The 4 Key Requirements of Real-Time Analytics: Latency, Fresh Data, Throughput, and Concurrency
Despite advances in big data and analytics, organizations still struggle with the complexity currently involved in building large-scale, real-time data applications. A typical big data architecture for a single use case might involve 6 to 20+ tools to cover ingestion, storage, transformation, observability, and analytics – and the process is not repeatable. These tools were designed to deal with structured reporting schedules that informed subsequent actions, and many are built for a batch-oriented world.
The rise of event streaming has brought real-time analytics one step closer to fruition, but streaming data requires new technology to take full advantage of its capabilities. In order to power machine learning and AI workloads, streaming data must be combined with historical data in real-time, and data from source applications should not require preaggregation or copying to achieve latency and concurrency. The modern data stack is primed for innovation as streaming data quickly becomes the status quo.
Developers of high-performance applications strive to deliver real-time analytics on massive data sets, but to do this, they must remain efficient while balancing four requirements:
- High Throughput: instantly ingest massive volumes of data
- Fresh Data: immediately act on data as it’s ingested
- Low Latency: millisecond queries
- High Concurrency: thousands of simultaneous queries
Now, let’s explore each of the four requirements to real-time analytics and how FeatureBase makes it possible to achieve all four without compromise.
Why are even the most modern data stacks still struggling to deliver real time?
Most tools on the market excel at one or two of these four requirements – maybe even three, but covering all four requirements is incredibly challenging without spending a LOT of money. This is one reason implementing real-time analytics at scale is proving so difficult. Let’s take a look into each of these four requirements and why they are needed to deliver real-time data at scale (Figure 1).
Key Requirement #1: High Throughput
When we discuss throughput, we’re referring to data ingest.
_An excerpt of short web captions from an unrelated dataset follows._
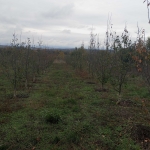 Земеделски имот в Горна Оряховица -  кв.м за 5100 €/дка - Снимка #1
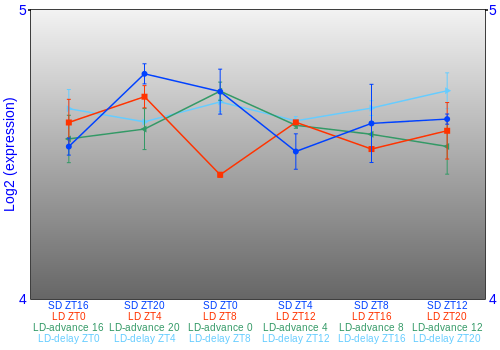 Expression graph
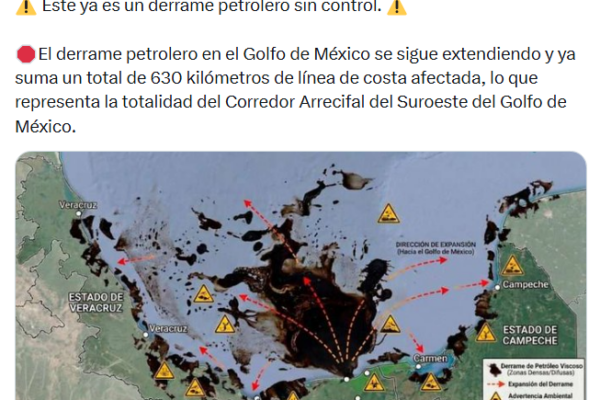 El derrame de petróleo en el Golfo de México ya alcanza 630 km de costa y Greenpeace México acusó falta de control y atención desigual en las labores de limpieza. IMAGEN: Captura de pantalla.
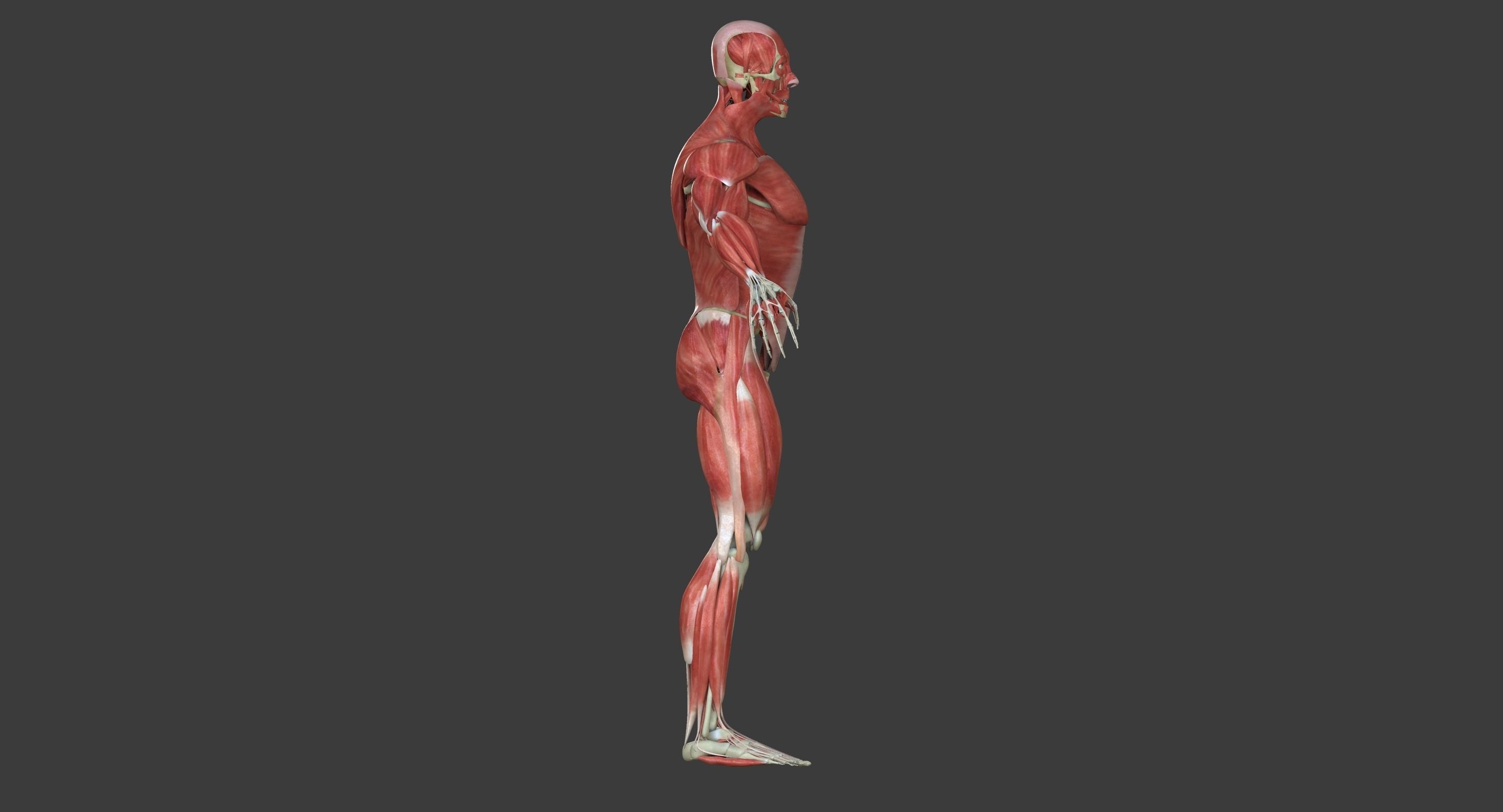 Male and Female Complete Muscle Anatomy 3D model_17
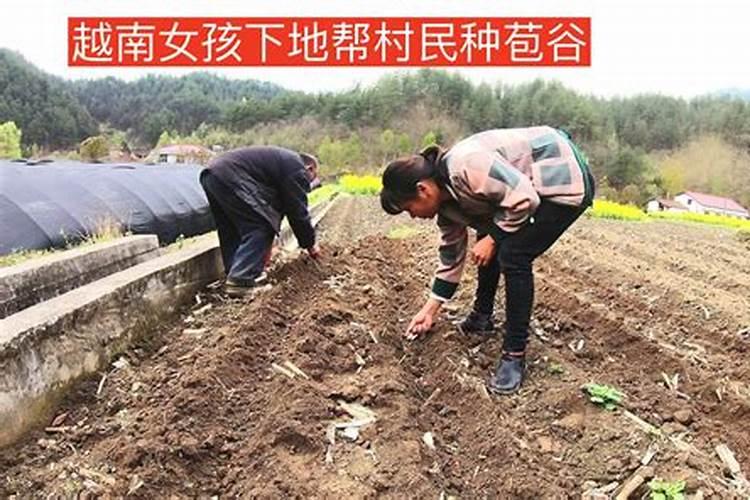 种植玉米的时候,都可以放哪些化肥？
In 2021, it was estimated that 1.145 trillion MB of data was created every day. As a result, high throughput is necessary to keep up with the ever-increasing amount of continuously generated data and new technologies to stream that data in real-time (e.g., Apache Kafka). While no single entity needs to ingest and explore all of the data in the world, it’s indicative of the exponential data growth occurring that organizations hope to capitalize on and must inevitably confront.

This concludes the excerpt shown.